L'esthétique du film reste toujours au plus près de ce qu'elle montre, crue, les couloirs du monastère et ceux du château des Cenci font peur et à sa manière Fulci est un styliste de l'art brut, dépouillant à l'extrême ses décors pour mieux capter la désolation des personnages, tout en montrant du doigt, de façon accusatrice, une société dans laquelle l'Église se substitue à l'État, faisant en même temps résonner les cloches cléricales d'une époque où Fulci a du mal à se retrouver.
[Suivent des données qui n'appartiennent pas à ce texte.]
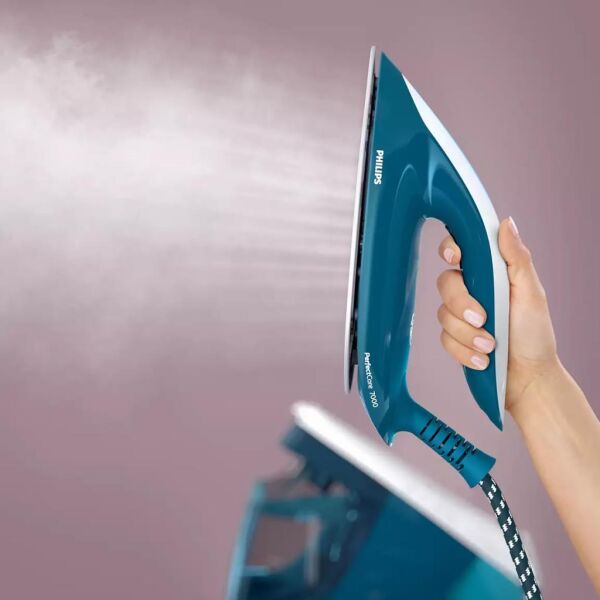 Philips PSG7024/20 PerfectCare 7000 Serisi 7.5 Bar 2100 W Buhar Kazanlı Ütü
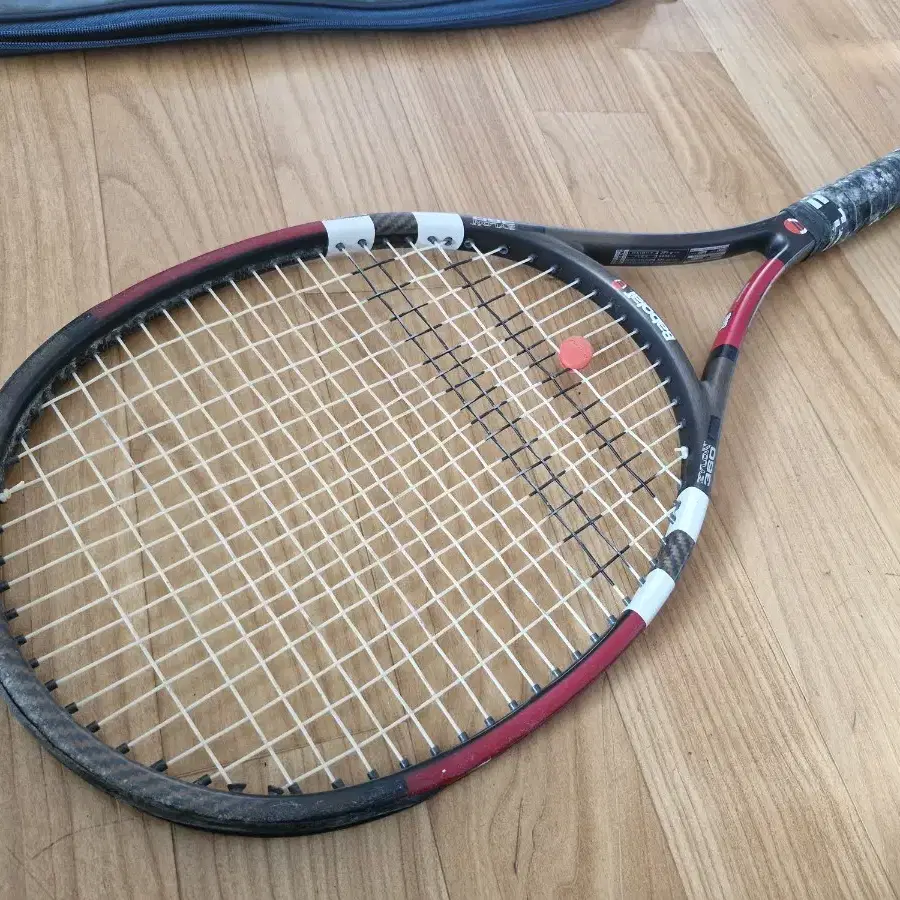 BabolaT 바볼랏 ZYLON 360 테니스라켓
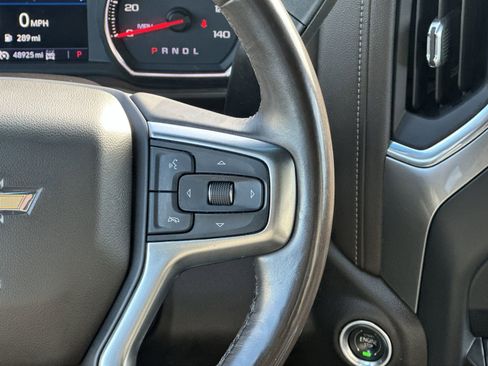 Used 2020 Chevrolet Silverado 3500 LTZ w/ LTZ Plus Package image 21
Et si 1968 était encore le moyen-âge, il s'interroge ici ; et si Béatrice Cenci était l'icône idéale au sein des temps, de la femme spoliée de ses droits les plus légitimes à l'instar d'une époque moderne, mais pourtant à deux vitesses...

Lucio Fulci, vous l'aurez compris, livre ici un chant d'amour à la femme et milite pour son émancipation, fait, à sa manière, oeuvre féministe forte (tout en mettant en garde, Beatrice sait aussi manipuler autrui) sur fond de société patriarcale et machiste qui lui semble dépassée, rimant avec les restes d'un fascisme mal digéré, et livre son propos (mal lui en prend !), brut de décoffrage, faisant pénétrer le spectateur dans un monde de tortures en chaîne, lacérant les être humains, les meurtrissant dans leur chair et dans leur sang, les amenant lentement mais sûrement vers une mort injuste, dégueulasse, au profit d'une pensée unique et d'un intérêt unilatéral. Il faut dire combien ici, le film regorge de scènes douloureuses ; le parricide commun est montré comme une fomentation juste, légitime, nécessaire, quitte à faire don de soi. Dès lors le climat d'insécurité n'en sera que plus grand, les Cenci n'étant jusqu'alors protégés que par leur Tyran de père, lui-même protégé par ses biens, mais dès lors que celui-ci meurt, il n'y a plus rien qui sauve et le sacrifice sera immense.

 

 

Il ne faudra pas confondre une nouvelle fois la fascination pour la mort et la manière de périr, qui jalonne ces Liens d'amour et de sang, ainsi que toute l'oeuvre de Fulci à venir, avec ce qu'on nomme parfois trop rapidement "complaisance". Il s'agit d'un homme hanté et terrorisé par sa propre mort et ce sera au final "LE" thème Fulcien. De plus, de part l'accueil que reçut le film, alors que son auteur s'attendait à se voir quelque peu défendu, on ne peut que mieux comprendre l'esprit de provocation qui animera ensuite celui-ci, dans sa dissection de la mort ; celui ne cherchera finalement qu'à affirmer ce qu'il disait déjà là dans l'incompréhension quasi-générale, et n'oublions pas au passage, que Fulci avec ses études de médecine est un être avant tout rationnel qui se méfie du mysticisme et de ses dérives.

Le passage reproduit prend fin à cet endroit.